━━ Input ━━

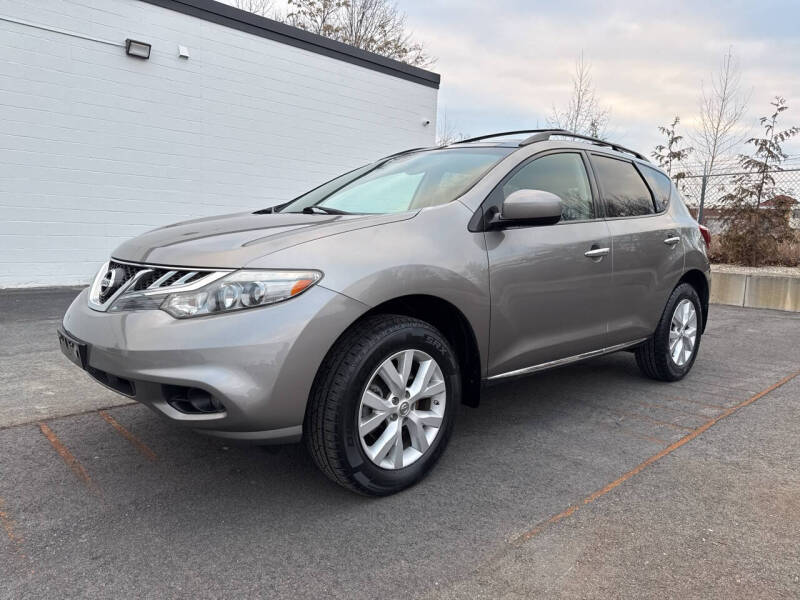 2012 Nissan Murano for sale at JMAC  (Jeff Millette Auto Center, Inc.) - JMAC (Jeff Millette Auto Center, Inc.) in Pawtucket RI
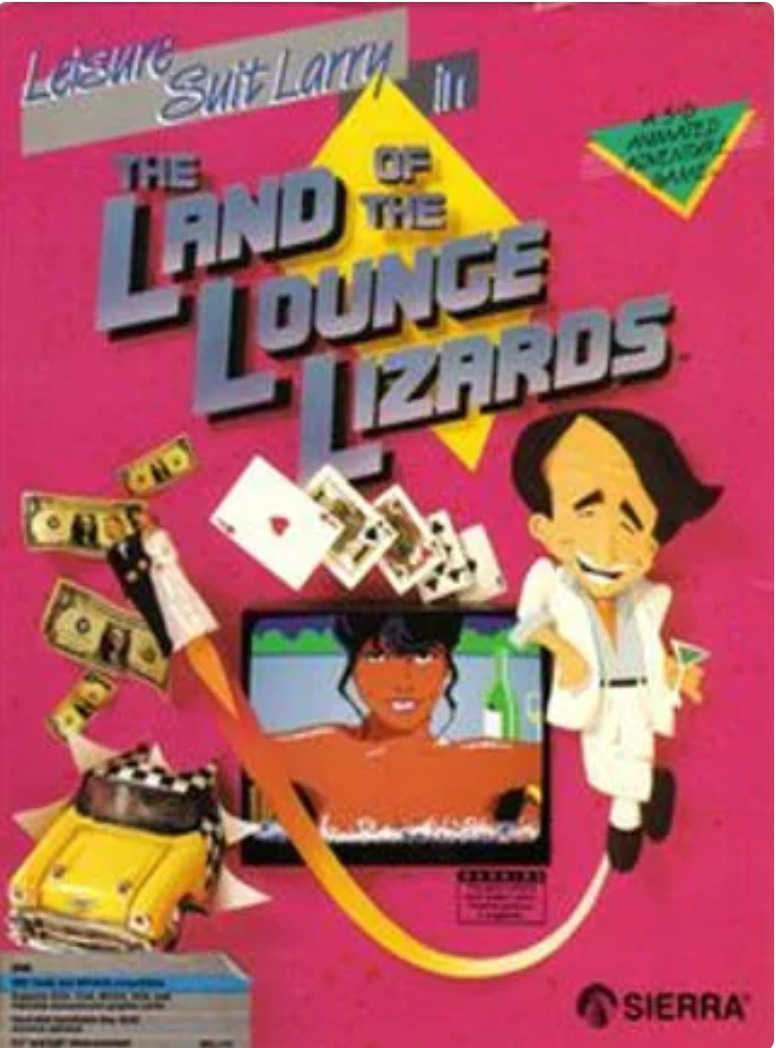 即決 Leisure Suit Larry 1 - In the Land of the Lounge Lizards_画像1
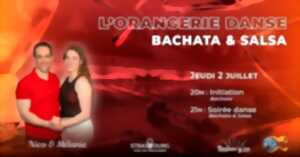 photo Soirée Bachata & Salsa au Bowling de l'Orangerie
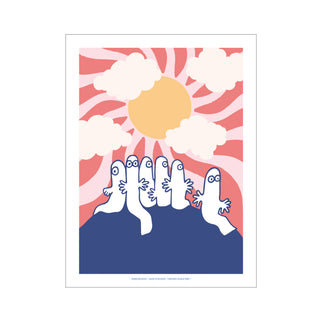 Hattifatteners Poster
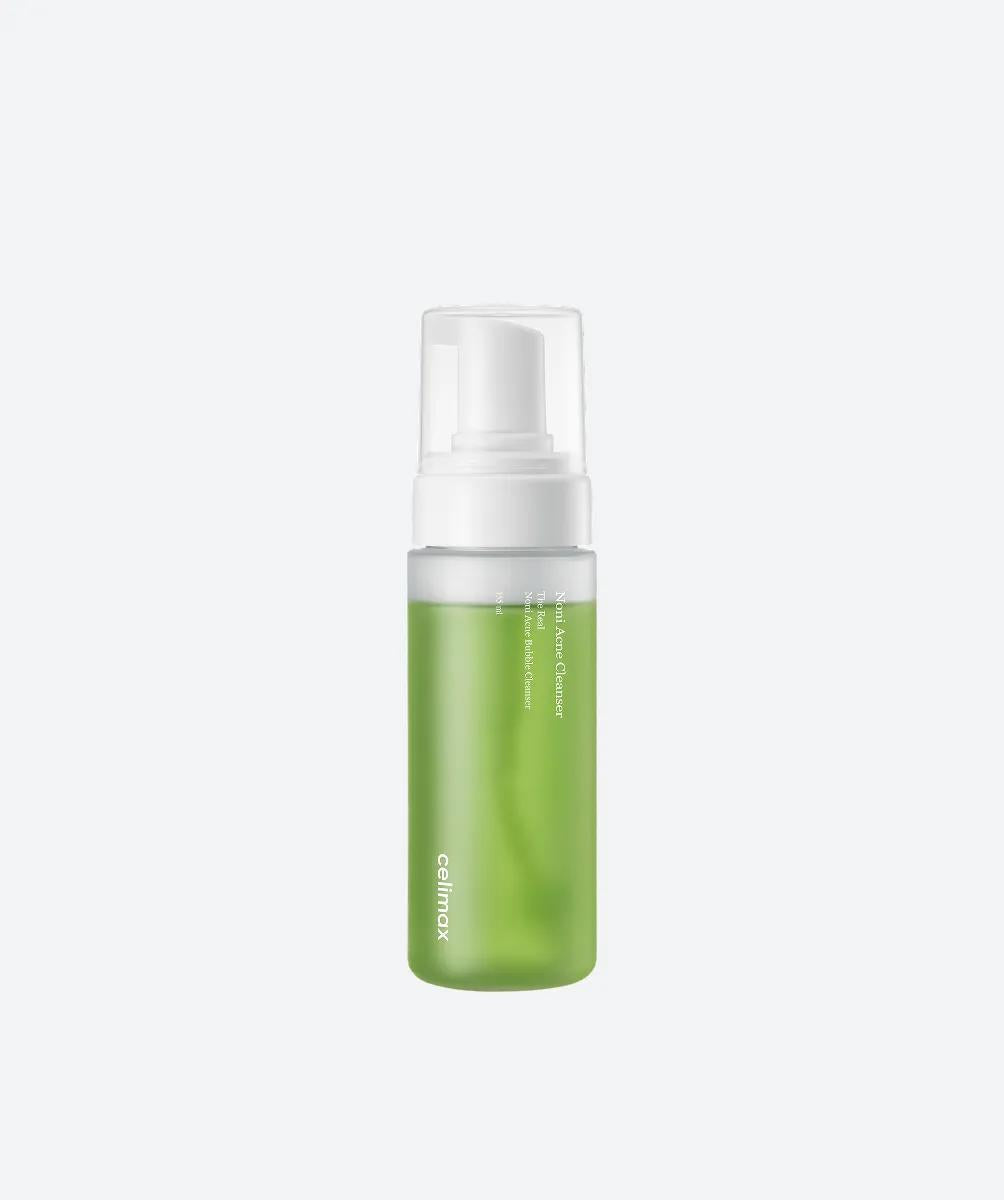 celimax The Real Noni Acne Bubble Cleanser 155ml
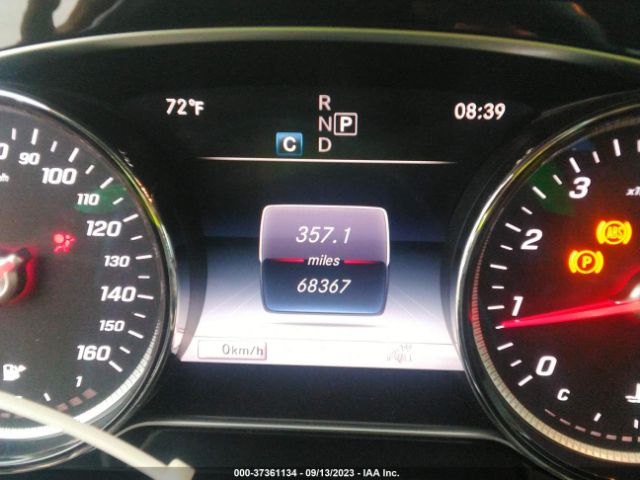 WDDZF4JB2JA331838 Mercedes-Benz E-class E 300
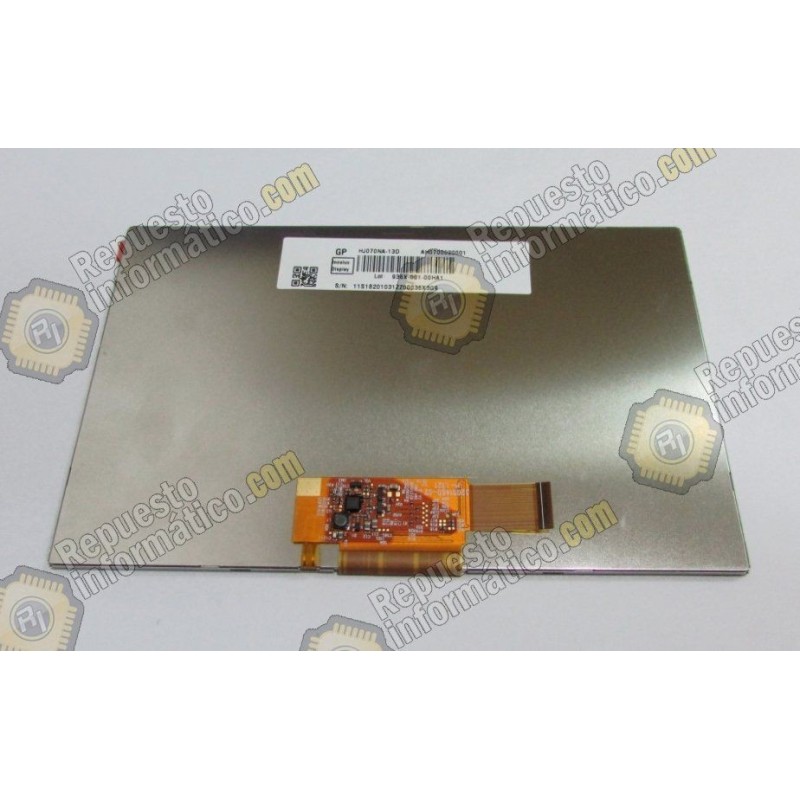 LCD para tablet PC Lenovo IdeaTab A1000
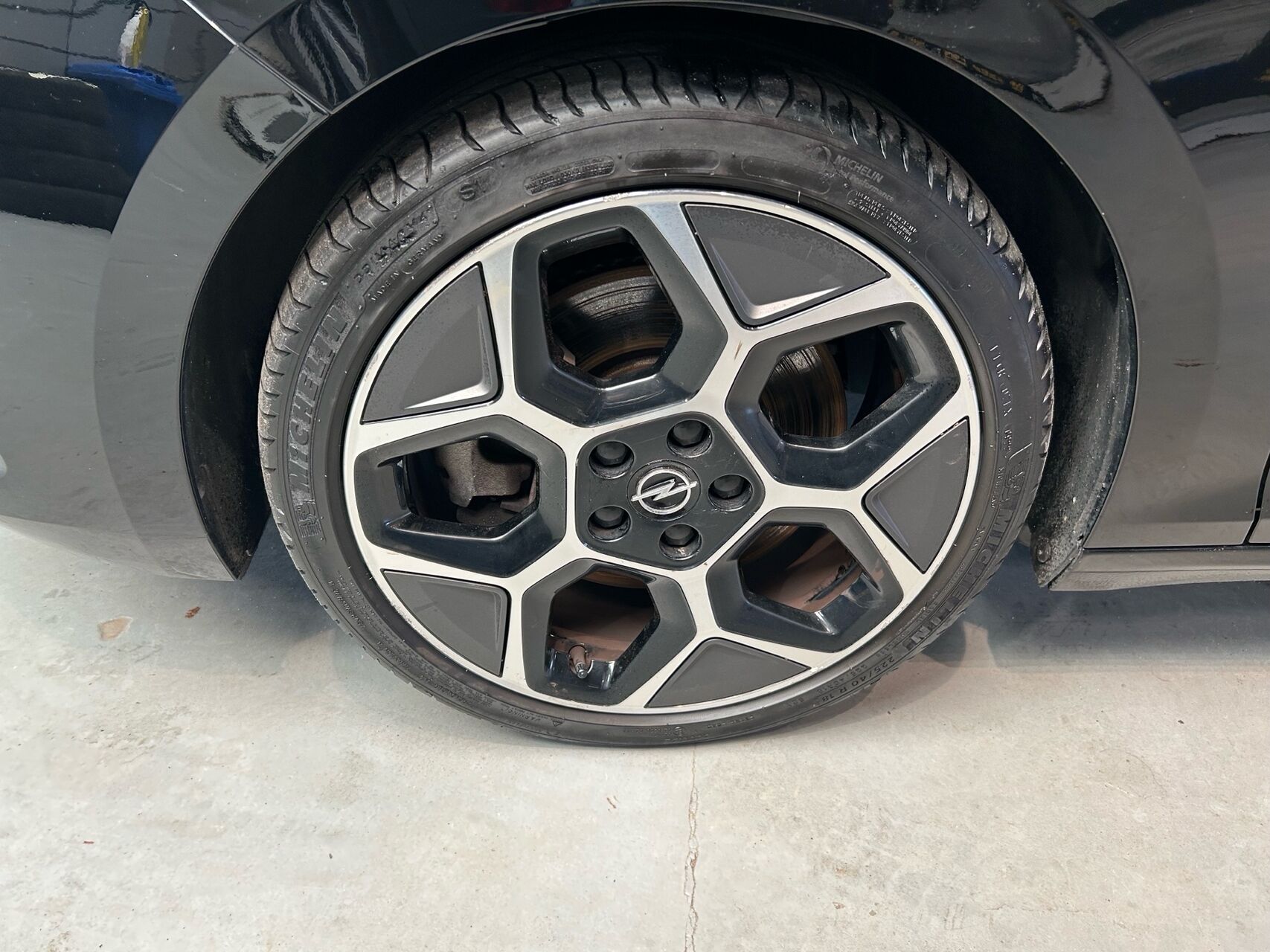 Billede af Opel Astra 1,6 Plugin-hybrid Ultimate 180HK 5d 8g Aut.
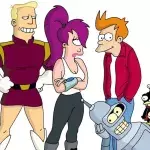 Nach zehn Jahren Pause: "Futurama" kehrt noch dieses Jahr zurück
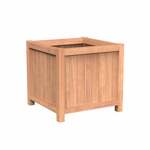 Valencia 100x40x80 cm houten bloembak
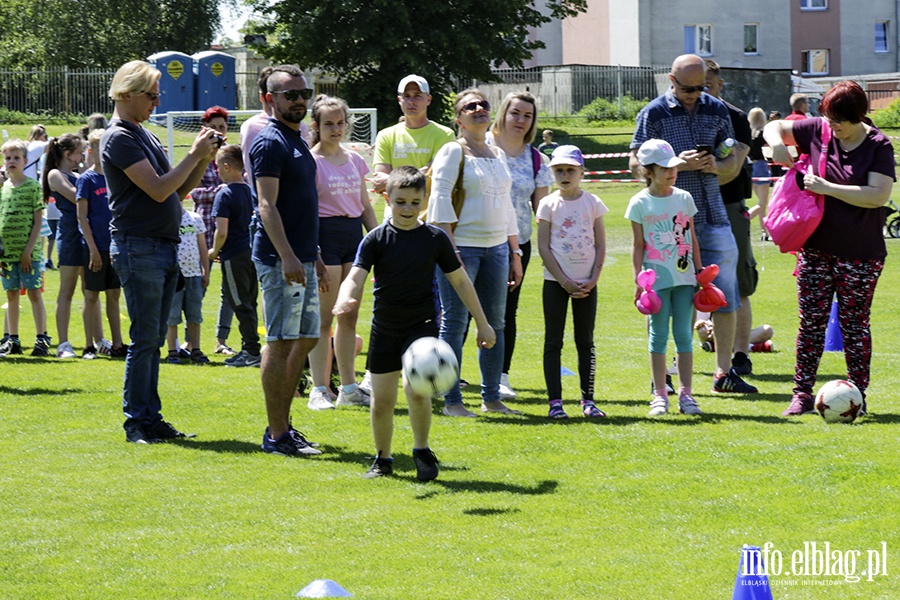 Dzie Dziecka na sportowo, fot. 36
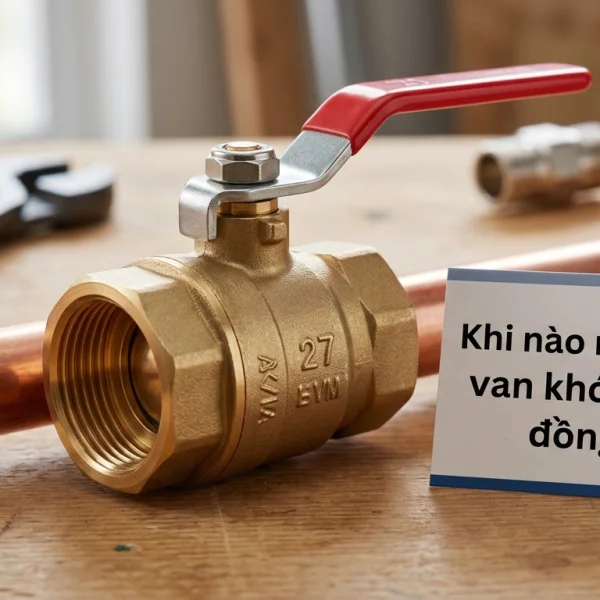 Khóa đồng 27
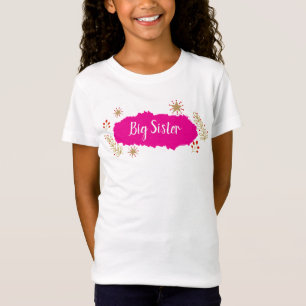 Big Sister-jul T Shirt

━━━

### Task to complete:
Only an exact copy of the records, free of images, belongs in the answer.

### Completed task:
 2012 Nissan Murano for sale at JMAC  (Jeff Millette Auto Center, Inc.) - JMAC (Jeff Millette Auto Center, Inc.) in Pawtucket RI
 即決 Leisure Suit Larry 1 - In the Land of the Lounge Lizards_画像1
 photo Soirée Bachata & Salsa au Bowling de l'Orangerie
 Hattifatteners Poster
 celimax The Real Noni Acne Bubble Cleanser 155ml
 WDDZF4JB2JA331838 Mercedes-Benz E-class E 300
 LCD para tablet PC Lenovo IdeaTab A1000
 Billede af Opel Astra 1,6 Plugin-hybrid Ultimate 180HK 5d 8g Aut.
 Nach zehn Jahren Pause: "Futurama" kehrt noch dieses Jahr zurück
 Valencia 100x40x80 cm houten bloembak
 Dzie Dziecka na sportowo, fot. 36
 Khóa đồng 27
 Big Sister-jul T Shirt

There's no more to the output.